I had published a novel, and Hunter had this horse’s-ass idea that it was supposed to be important to be a fiction writer. I would try to point out to him, “Hunter, you are writing fiction. All writing is fiction. Experiences you experience, and words are words, so everything is fiction. This is just its own kind of fiction.” We’d argue about that.
PAUL SEMONIN
A couple of years after we were in Puerto Rico together, when Hunter was down in Latin America and South America writing stuff for the National Observer, I was becoming much more politicized. I went to Africa and ended up at the University of Ghana getting a master’s degree in African studies. There was a colony of African American exiles in Ghana, including people like Maya Angelou and Julian Mayfield; Malcolm X came to visit, and I met him and became very interested in the political direction he was taking just before he was assassinated, and of course I was writing to Hunter about some of this stuff. But as I was writing and identifying in some ways with the black struggle, the civil rights struggle—but even more with black radicals—Hunter addressed one of his letters to me as “Niggerboy.”
I mean, that’s it in a nutshell. He pulled a deep race card out of his pack and used it as an insult. Although if you look at many of the letters he wrote, he would often use these ridiculous “Dear so and so” addresses. Part of it was insulting and part of it was humor and part of it was just provoking you. But there was always this race element buried in his character which popped out every now and then, and it was nasty.
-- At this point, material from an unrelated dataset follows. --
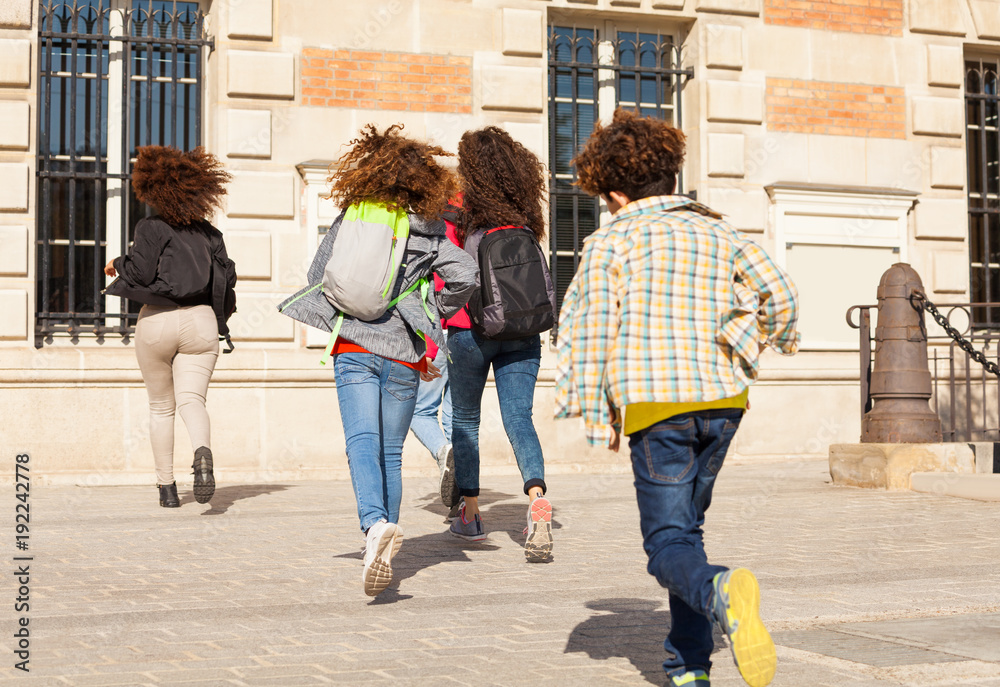 Big group of kids with backpacks running to school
Hunter was always pushing you, always testing you, seeing how far you’ll go before your loyalty breaks, or before you’ve had enough. And it created a kind of inner circle of people who stood the test. It’s like hazing, but there could be that feeling, if you’re on the other end of it, that he was mocking you in some way. It was a part of his character from a very early stage. And it was partly what later led to us parting ways. It grew kind of tiresome and unproductive.
DR. BOB GEIGER
I know that different people have accused Hunter over the years of having kind of a Neanderthal attitude towards blacks or minorities. Sometimes he would use the word “nigger” when he was writing, and he was very quick with racial jokes and things like that. But in terms of where his real sentiment was, it was the opposite. When we were getting together, we would get all fired up about this shit. At one time, Hunter and I were planning to—thank God we didn’t do it—we were going to get a truck and run guns down to Mississippi to help out with all this crap that was going on in Mississippi in ’64 and ’65. We figured that maybe we ought to level the playing field, and a truckload of guns would do that.
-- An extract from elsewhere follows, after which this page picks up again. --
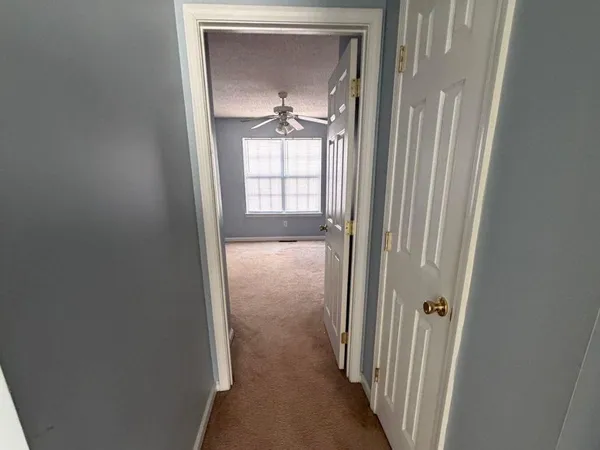 a view of a bathroom from a corridor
Hunter and I each tended to have our own ideas. Hunter was a great guy to argue with because he would listen to what you said. Very few people do that. He would change his mind on the basis of what you said. And if someone’s going to actually pay attention to what you’re saying, you argue a little differently than if you’re just saying things to hear yourself say it, though when when you got Hunter and Clancy and McGarr and I together, you couldn’t hear anything.
JERRY HAWKE
Hunter and John Clancy were kind of kindred souls. Clancy had a really wild streak to him, and that appealed to Hunter.
I used to get telephone calls from Clancy and Hunter in the middle of the night. They would generally be drunk. It started when they were together in San Francisco; later, they would put in conference calls. I remember listening to operators come on at two o’clock in the morning: “Will you accept a collect conference call from John Clancy and Hunter Thompson?” “No!” So a few minutes later, they’d ring back with a paid call and Hunter would say something like, “I’ve got a very important question. Do you still feel the same way about The Great Gatsby?”
JACK THIBEAU is a poet and actor who met Hunter in 1964.
Clancy was a vicious attack lawyer. You wound him up and it never stopped. He would come after you with guns, knives. Because he was crazy, and he had no mercy. And he was brilliant; he was at the top of his class at Columbia.
ROGER HAWKE
Clancy was insane.
DR. BOB GEIGER
McGarr was not eminently sane, either. He was a very handsome big guy who would come on to all the chicks. Hunter and I and Clancy would usually just insult them. Even if Hunter tried to not be insulting, he would insult the girls. So you always had this dynamic: If McGarr would come on too strong, Hunter would get upset at that. It didn’t bother me that much. If McGarr was coming on to my wife, I’d just say, “Well, that’s McGarr.” Hunter, though, would get very defensive, and say that McGarr was abusing me. He was very loyal and protective that way, surprisingly.
Hunter went after McGarr with a tire iron one time for coming on to my wife. McGarr and I were out in the front yard boxing at my place in Sonoma. Bare-knuckled boxing, which was a mistake. McGarr was a good boxer, but we weren’t hitting each other hard. We were playing, really, but McGarr had been coming on to my wife, and Hunter walked out and thought we were serious. He went to his car and got this tire iron and started chasing McGarr around, and then suddenly he got in his car and disappeared for two days. He was embarrassed that he overreacted. Sandy was looking frantically for him. I said, “I think he drove off like a dog that’s bit somebody and doesn’t want to get caught.” But you have to realize that this was booze too. This wasn’t high-powered drugs or anything. Maybe there was a little grass around.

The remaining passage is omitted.